The Catalan-Dickson Conjecture states that all sequences are bounded, that they either terminate in a prime, a perfect number, or fall into a cycle of length 2, amicable numbers, or longer, sociable numbers, but other researchers disagree with this conjecture.

The numbers under 1000 whose sequences could be unbounded are 276, 306, 396, 552, 564, 660, 696, 780, 828, 888, 966 and 996. However, some of these sequences merge with earlier ones.
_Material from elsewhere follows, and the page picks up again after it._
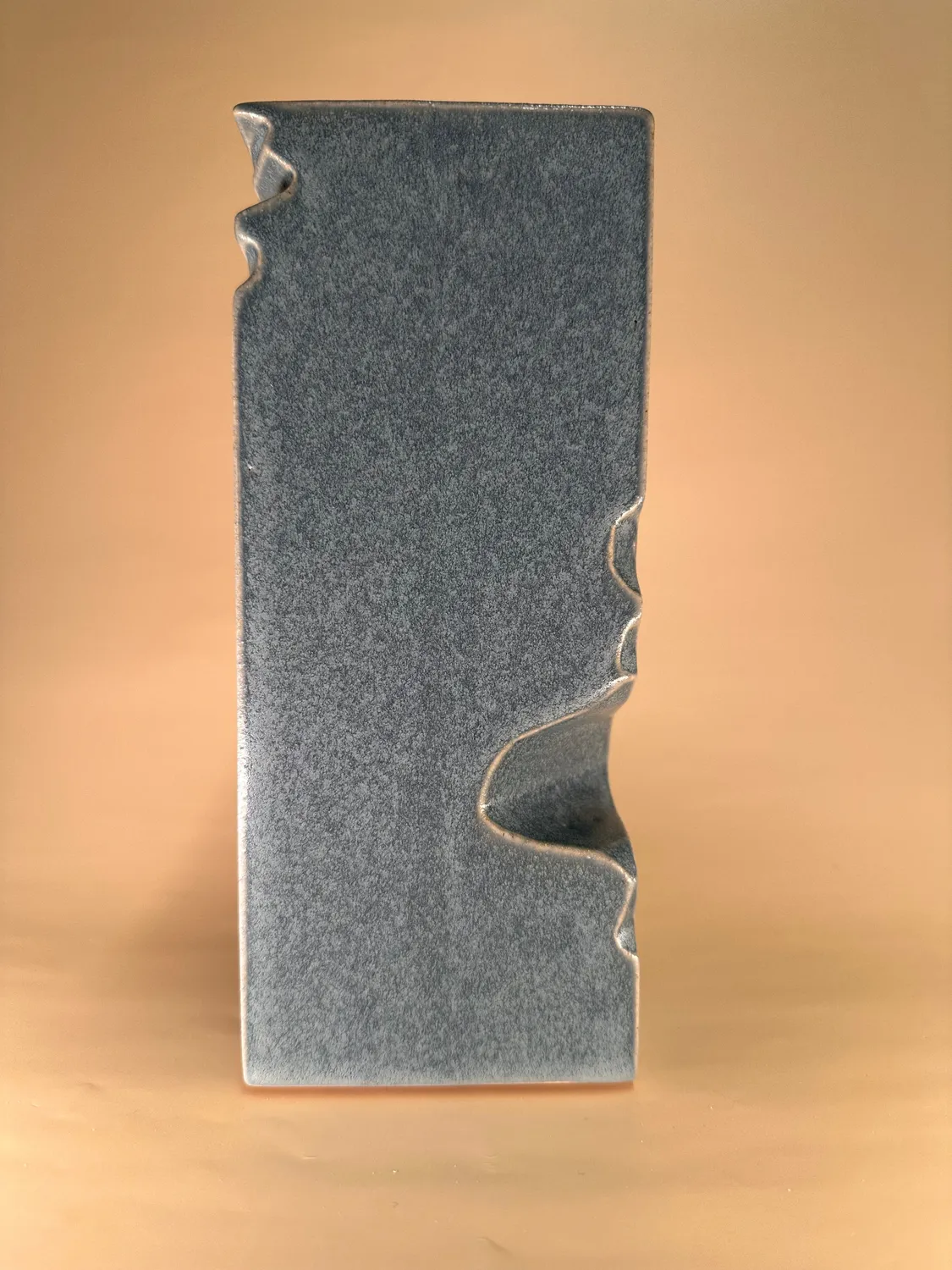 Odd Boys Ono Broken vase BLU stor stentøjsvase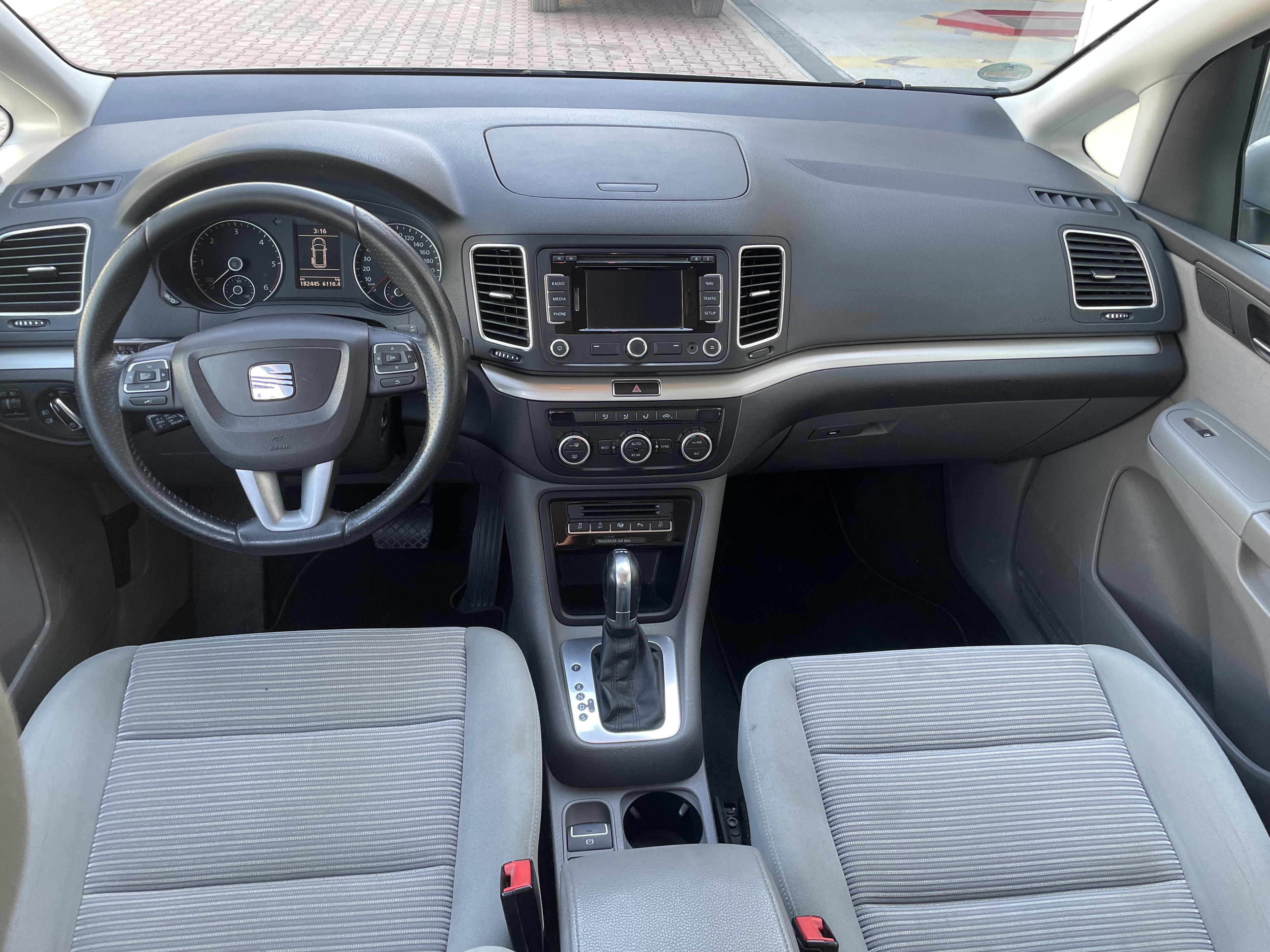Seat Alhambra - side view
For example, 396 merges with 276 because the sequence of 276 starts 276, 396... Only the lowest of the "family" of sequences is counted as a full open-end sequence, and the others are known as side-sequences. The open-end sequences under 1000 are 276, 552, 564, 660 and 966.

There are 902 open-end sequences under $10^5$, and 9282 under $10^6$ as of January 23 2011.

## Drivers and guides

### Perfect numbers

During the calculation of a sequence, several prime factorization structures can tend to persist. The most stable form of these is called a driver. This is because they tend to drive the sequence higher at every step. Of the drivers, the worst ones are the perfect numbers:

$2^ \ \ *\ 3$
$2^2\ *\ 7$
$2^4\ *\ 31$
$2^6\ *\ 127$

### The other drivers

The other drivers are

$2^3\ *\ 3$
$2^3\ *\ 3\ *\ 5$
$2^5\ *\ 3\ *\ 7$
$2^9\ *\ 3\ *\ 11\ *\ 31$

The last of these has only been seen a couple of times 'in the wild'.

### The downdriver

A special form of driver is '2', not raised to a power and unaccompanied by '3'. This form of driver is termed the downdriver because when a line factors with this driver, the sequence can decrease in size. Depending on the size of the other prime(s) in the factorization, a sequence can decrease by close to 50% for each line when driven by the downdriver. Unfortunately, the downdriver is less stable than all of the other drivers except $2^3\ *\ 3$ and will be lost on the next line if a number factors as

$2\ *\ p$, where p is of the form $4n+1$

### Guides

Guides are less persistent than drivers, but can also tend to appear in subsequent lines of a sequence. Some examples of guides are:

$2^2$
$2^3$
$2^3\ *\ 5$
$2^5\ *\ 3$\

(For a more complete analysis of drivers and the conditions needed to escape a driver, see Clifford Stern's analysis page.)